As an executive, I want to generate a report so that I can understand which departments need to improve their productivity

Our goal with user stories is to write down a short place holding sentence that will remind developers and customers to hold future conversations.

Why User Stories are better?

1. Comprehension

A way that extensive upfront Requirements Specifications can kill a project is through the inaccuracies of written language.

The shift toward verbal communication of User Stories provides rapid feedback cycles, which leads to greater understanding.

2. Planning

A difference between User Stories and Requirements Specifications is that with the latter the cost of each requirement is not made visible until all the requirements are written down.

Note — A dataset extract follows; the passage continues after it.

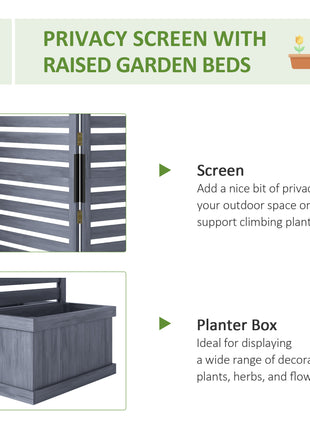Wood Privacy Screen w/ 4 Planter Box, Raised Bed w/ 3 Panels & Drainage Holes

With stories, an estimate is associated with each one right up front so that they may be conveniently used for release planning.

3. Resiliency

Change always happens in projects…

  • Users and customers do not generally know exactly what they want
  • Many of the details needed to develop the software become clear only as the system is being developed
  • Product and project changes occur
  • People make mistakes

User Stories embrace change because

  • Do not need to be all written before developers can begin coding the first
  • Encourage deferring details because we can write them at whatever level of detail is appropriate in a given moment.

4. Prioritization

It’s hard to prioritize and work with thousands of sentences all starting with “The system shall…”.
That difficulty usually results in having the user considering 95% of the requirements high priority!

On the opposite, User Stories can be easily ordered by priority.